■ Task prompt ■
Leaving every picture out, please return exactly the lines from the top of the material below through the line with "- Kiabi Pantalon", both included.

■ Available data ■
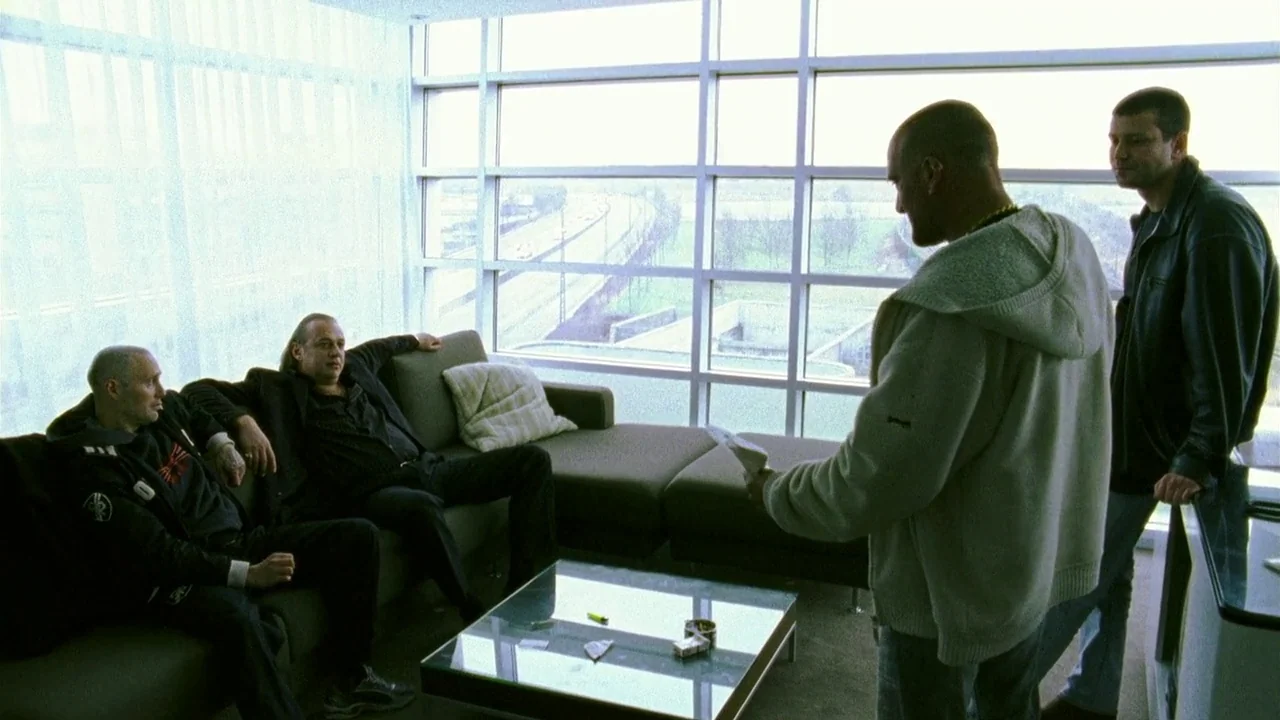 Pusher II (2004) movie still: wide — A modern room features a large window wall overlooking a distant highway landscape. Four men stand and sit on a…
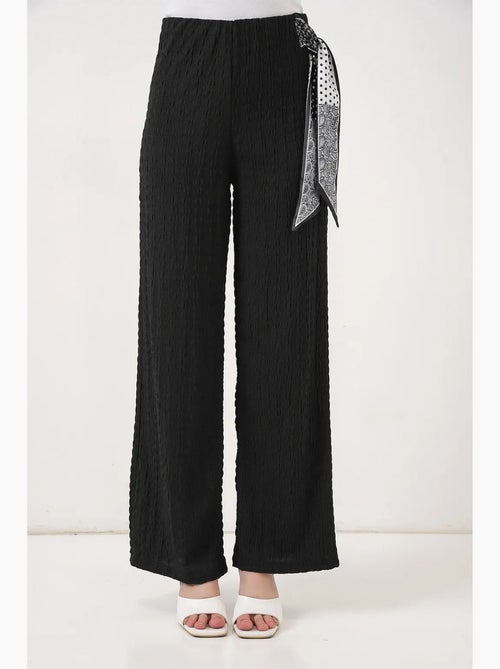 Pantalon taille haute à jambes larges avec détail de nœud bdart - Kiabi Pantalon taille haute à jambes larges avec détail de nœud bdart - Kiabi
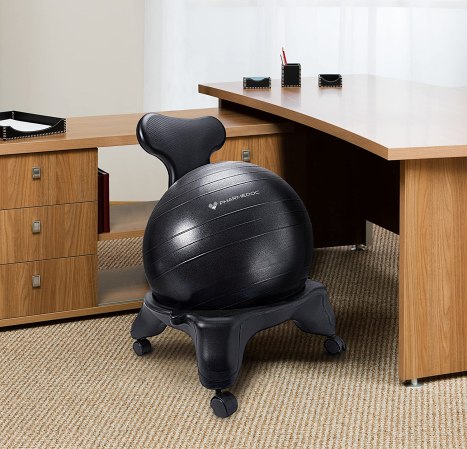 balance ball chair in an office next to a wood desk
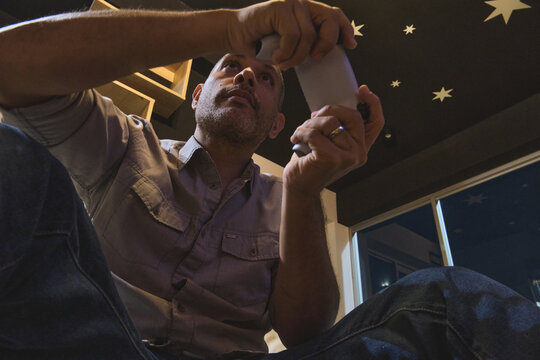 Man playing a video game holding a gray controller with stars on the ceiling above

■ Output of the task ■
 Pusher II (2004) movie still: wide — A modern room features a large window wall overlooking a distant highway landscape. Four men stand and sit on a…
 Pantalon taille haute à jambes larges avec détail de nœud bdart - Kiabi Pantalon taille haute à jambes larges avec détail de nœud bdart - Kiabi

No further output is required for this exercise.